Wednesday, January 1, 2025

Ringing in 2025: Our Expat New Year’s Celebration in Argentina

Happy New Year, everyone!

I’m so glad the husband and I survived 2024 so we could say goodbye to this b*tch of a year and welcome 2025 with open arms. This year, we made a ham with pineapple slices and cherries, along with beer rice and plantains. If you’re wondering where the plantains come from in an American family, let me remind you that my husband’s family is Puerto Rican, and plantains are a common food staple in his culture. Also, I’m from Miami—Hialeah, specifically—and I was raised in a community full of Cubans who also love plantains. Naturally, I developed a taste for this Caribbean side dish early in life.
For dessert, the husband and I made a coconut cake, decorating it with marshmallows and cherries to simulate the hours on a clock. We used half of a ladyfinger cookie as the hand of the clock, pointing to midnight. We also made chocolate pudding and wrote our wishes for 2025, like health, money, and friendship, on coconut cookies.
At night, the winds picked up violently. This wasn’t a problem for us; it allowed us to open the back door and windows, letting the winds flush the old 2024 air out of the house and replace it with fresh air.

For those of you who don’t know, we are Wiccan. We recited an incantation to remove negative energy from our home and our lives, replacing it with positive things like new opportunities, money, and health—similar to the affirmations we wrote on the coconut cookies. We always find these incantations helpful for protecting ourselves and our home from negative energy.

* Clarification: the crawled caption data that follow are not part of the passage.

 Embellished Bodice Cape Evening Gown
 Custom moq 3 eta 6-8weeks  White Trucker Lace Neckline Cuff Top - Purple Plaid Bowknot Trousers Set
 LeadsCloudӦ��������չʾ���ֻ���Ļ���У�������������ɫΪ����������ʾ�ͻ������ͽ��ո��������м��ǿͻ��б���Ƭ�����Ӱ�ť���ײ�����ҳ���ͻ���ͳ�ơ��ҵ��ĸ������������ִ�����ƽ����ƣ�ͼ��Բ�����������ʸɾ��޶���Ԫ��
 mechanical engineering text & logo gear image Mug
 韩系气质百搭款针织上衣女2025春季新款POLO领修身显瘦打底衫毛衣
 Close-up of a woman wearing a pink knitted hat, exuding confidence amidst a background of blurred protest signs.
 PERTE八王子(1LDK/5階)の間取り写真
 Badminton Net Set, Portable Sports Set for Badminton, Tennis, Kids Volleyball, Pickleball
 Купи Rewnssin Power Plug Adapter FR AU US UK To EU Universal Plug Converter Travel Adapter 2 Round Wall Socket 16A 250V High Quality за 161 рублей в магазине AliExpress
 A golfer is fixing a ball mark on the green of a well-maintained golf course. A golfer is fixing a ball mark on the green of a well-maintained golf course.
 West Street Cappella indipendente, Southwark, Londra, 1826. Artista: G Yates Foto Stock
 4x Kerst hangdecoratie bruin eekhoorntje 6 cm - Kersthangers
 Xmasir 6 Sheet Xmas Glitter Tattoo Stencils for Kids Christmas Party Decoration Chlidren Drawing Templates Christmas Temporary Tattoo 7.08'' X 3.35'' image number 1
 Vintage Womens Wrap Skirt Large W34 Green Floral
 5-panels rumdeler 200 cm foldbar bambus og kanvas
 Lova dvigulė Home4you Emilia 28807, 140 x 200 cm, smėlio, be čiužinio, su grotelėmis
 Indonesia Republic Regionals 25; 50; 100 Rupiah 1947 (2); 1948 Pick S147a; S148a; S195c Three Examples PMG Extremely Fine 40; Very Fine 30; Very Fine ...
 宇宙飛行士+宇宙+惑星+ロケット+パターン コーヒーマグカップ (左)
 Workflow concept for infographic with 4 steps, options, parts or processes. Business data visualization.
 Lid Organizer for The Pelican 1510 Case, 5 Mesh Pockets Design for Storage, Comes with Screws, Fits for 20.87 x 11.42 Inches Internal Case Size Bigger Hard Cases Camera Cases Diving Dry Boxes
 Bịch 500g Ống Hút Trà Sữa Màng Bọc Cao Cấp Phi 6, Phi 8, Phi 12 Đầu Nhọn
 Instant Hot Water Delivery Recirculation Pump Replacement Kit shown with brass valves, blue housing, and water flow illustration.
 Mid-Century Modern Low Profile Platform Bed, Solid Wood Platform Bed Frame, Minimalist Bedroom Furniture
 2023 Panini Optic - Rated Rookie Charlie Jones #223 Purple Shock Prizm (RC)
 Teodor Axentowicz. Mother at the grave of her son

When the clock struck midnight in Argentina, we drank champagne. (It was the cheapest sh*t we’d ever bought and will never buy again.) For us, though, the New Year isn’t official until the ball drops in Times Square. Sadly, we can’t watch Dick Clark's New Year's Rockin’ Eve with Ryan Seacrest from Argentina, but we managed to watch the ball drop via the NYE Live Webcast.
We waited until midnight in New York City, which is 2 a.m. in Argentina. In preparation, we cleaned 24 grapes. This tradition involves eating 12 grapes, one for each wish we have for the new year.
Since the champagne earlier was so nasty, we made a mix of Malibu coconut rum and pineapple soy juice. When the countdown began, the ball started to drop, and 2025 officially arrived. After a long, emotional hug and a kiss, the husband and I drank our coconut rum mix and ate our grapes.
Phew! We did it! We survived another year in this world and living abroad in Argentina. I don’t know what 2025 will bring, but we plan to take things one day at a time.